Beginning with the line where "ロビー・ラウンジ(落ち着いたロビーです)" appears, repeat every remaining line of the entries exactly, the last line included.

[SOURCE DATA]
────────
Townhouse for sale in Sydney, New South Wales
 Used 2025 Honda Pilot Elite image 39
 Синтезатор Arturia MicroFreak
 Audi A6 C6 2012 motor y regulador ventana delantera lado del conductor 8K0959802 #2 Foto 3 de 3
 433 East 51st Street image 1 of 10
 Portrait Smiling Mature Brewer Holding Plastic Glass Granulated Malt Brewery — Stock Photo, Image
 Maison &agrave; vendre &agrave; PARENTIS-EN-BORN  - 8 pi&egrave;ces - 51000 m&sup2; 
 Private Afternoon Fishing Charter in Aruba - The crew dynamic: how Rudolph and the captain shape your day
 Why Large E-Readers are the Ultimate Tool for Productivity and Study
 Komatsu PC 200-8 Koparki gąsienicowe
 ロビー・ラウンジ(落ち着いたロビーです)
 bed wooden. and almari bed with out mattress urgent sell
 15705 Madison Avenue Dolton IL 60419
────────
[WRITTEN ANSWER]
 ロビー・ラウンジ(落ち着いたロビーです)
 bed wooden. and almari bed with out mattress urgent sell
 15705 Madison Avenue Dolton IL 60419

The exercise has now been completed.